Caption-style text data
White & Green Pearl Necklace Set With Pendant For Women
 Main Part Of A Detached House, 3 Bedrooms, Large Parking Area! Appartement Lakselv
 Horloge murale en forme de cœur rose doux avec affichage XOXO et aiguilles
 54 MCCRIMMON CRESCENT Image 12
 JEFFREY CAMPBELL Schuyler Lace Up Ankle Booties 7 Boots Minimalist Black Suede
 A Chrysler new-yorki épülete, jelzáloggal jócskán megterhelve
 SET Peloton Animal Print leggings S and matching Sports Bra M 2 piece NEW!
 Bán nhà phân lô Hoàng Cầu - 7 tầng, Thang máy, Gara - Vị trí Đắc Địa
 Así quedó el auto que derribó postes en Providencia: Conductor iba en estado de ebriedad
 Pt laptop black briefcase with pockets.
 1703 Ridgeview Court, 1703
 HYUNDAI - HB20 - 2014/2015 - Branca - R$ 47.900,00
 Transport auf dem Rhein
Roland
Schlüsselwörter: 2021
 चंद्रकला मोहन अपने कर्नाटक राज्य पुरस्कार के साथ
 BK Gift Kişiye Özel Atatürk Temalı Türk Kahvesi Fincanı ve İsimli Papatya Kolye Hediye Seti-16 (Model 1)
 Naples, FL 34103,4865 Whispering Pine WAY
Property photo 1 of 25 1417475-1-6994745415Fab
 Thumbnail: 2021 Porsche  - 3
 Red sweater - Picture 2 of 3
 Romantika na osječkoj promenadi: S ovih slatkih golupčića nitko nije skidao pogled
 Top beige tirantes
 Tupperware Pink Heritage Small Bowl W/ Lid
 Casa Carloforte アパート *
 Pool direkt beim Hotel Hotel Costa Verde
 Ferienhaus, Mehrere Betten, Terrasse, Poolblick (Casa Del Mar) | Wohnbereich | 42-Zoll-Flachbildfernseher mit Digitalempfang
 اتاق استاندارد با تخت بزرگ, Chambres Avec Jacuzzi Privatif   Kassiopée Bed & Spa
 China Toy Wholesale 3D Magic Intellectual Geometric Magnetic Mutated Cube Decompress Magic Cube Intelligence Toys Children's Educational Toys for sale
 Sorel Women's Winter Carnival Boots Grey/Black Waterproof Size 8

## THE TASK
Proceeding from the line containing "Tupperware Pink Heritage Small Bowl W/ Lid" through the line containing "China Toy Wholesale", transcribe the lines above exactly, both end lines included.

## SOLUTION FOR THIS PROBLEM
 Tupperware Pink Heritage Small Bowl W/ Lid
 Casa Carloforte アパート *
 Pool direkt beim Hotel Hotel Costa Verde
 Ferienhaus, Mehrere Betten, Terrasse, Poolblick (Casa Del Mar) | Wohnbereich | 42-Zoll-Flachbildfernseher mit Digitalempfang
 اتاق استاندارد با تخت بزرگ, Chambres Avec Jacuzzi Privatif   Kassiopée Bed & Spa
 China Toy Wholesale 3D Magic Intellectual Geometric Magnetic Mutated Cube Decompress Magic Cube Intelligence Toys Children's Educational Toys for sale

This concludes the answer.